In hindsight, it’s easy to criticize a failed strategy. But there was a certain logic to it. The project narrowly failed. People were most concerned with traffic and size. Shrinking the size of the project while being able to run a field campaign felt like the best way to move forward—particularly if they didn’t want to do a whole new EIR.
So why did the measure go down overwhelmingly this time when a larger project in 2020 narrowly failed? The most obvious answer was the lawsuit.
Millstein writes, “That includes over $200,000 on a heavy-handed free-speech-squelching developer-funded lawsuit, which, bizarrely, Greenwald says is not a campaign expenditure issue.”
In fact, I never said that. At the time, I didn’t have a particular problem with filing the suit, which I think has largely been mischaracterized. It was disastrous to have Dan Carson do it and probably the icing on the cake was then to seek attorney fees. It just looked awful.
For all intents and purposes, they lost the campaign right there and never recovered.
But I think the campaign failed to recover in part because it failed to capture the imagination of the voters. Why do we need an innovation center? I think there is a great and compelling story there—but one that was largely untold.
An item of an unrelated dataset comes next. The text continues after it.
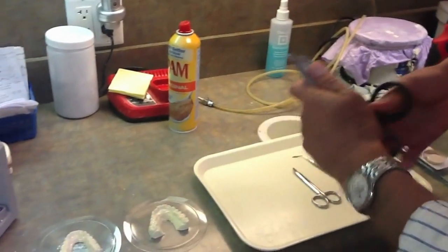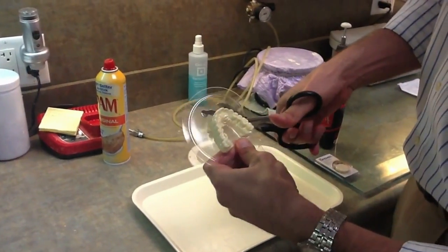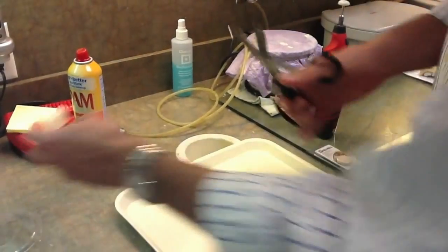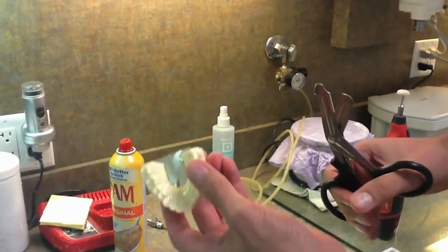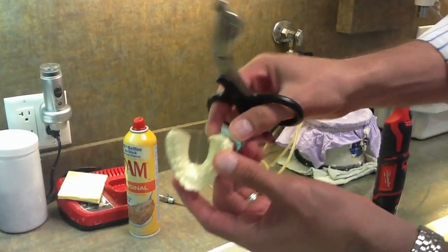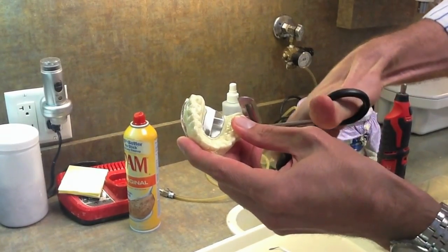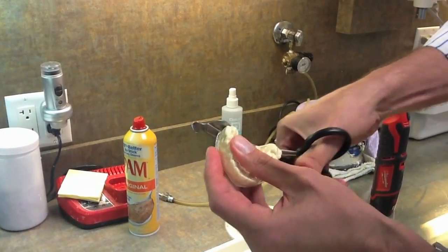The first step is to cut around the periphery with the black handle scissors. Then make one vertical cut right up the center. A lot of times the tray wraps on the back and creates an undercut, making it difficult to remove. Just take the scissors and cut — don't worry about cutting into the model, as what we're removing is not an important part of the appliance, so we can go ahead and cut that portion of the tray off.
That’s not a campaign finance issue, that’s a messaging issue.
My argument was somewhat mischaracterized by Millstein. I wrote that the No campaign could afford to operate on the cheap, use “volunteer precinct walkers and canvassers” and “do their own in-house mailers or drop pieces, they can print off their home computer and copy it at Copyland or FedEx office and get away with it.”
She writes, “let me get this straight. Not having money is a huge campaign advantage. Got it.”
That’s not what I was saying. What I was saying is that the No campaign was able to be effective running a cheap grassroots campaign, whereas if the Yes side tried that, they would just look “cheap.”
Millstein adds that “nothing is stopping developer-led campaigns from having unpaid volunteers (these need not be students, as Greenwald suggests) who are willing to dedicate their time and skills to crafting a message, walking precincts, talking with folks at the Farmers Market, spreading the word on social media, etc. Nothing.”
Perhaps true. But you can’t run the type of ground campaign that the Yes on H campaign was running only using volunteers. To do it right, you have to pay people. That’s just the nature of how these things work.
Certainly they could have saved money along the edges and certainly they didn’t run a good campaign, but I would argue that they were always going to run an expensive campaign and, for the most part, we will not see a Measure J campaign run for less than hundreds of thousands of dollars.
What sank it was a bad decision and poor messaging.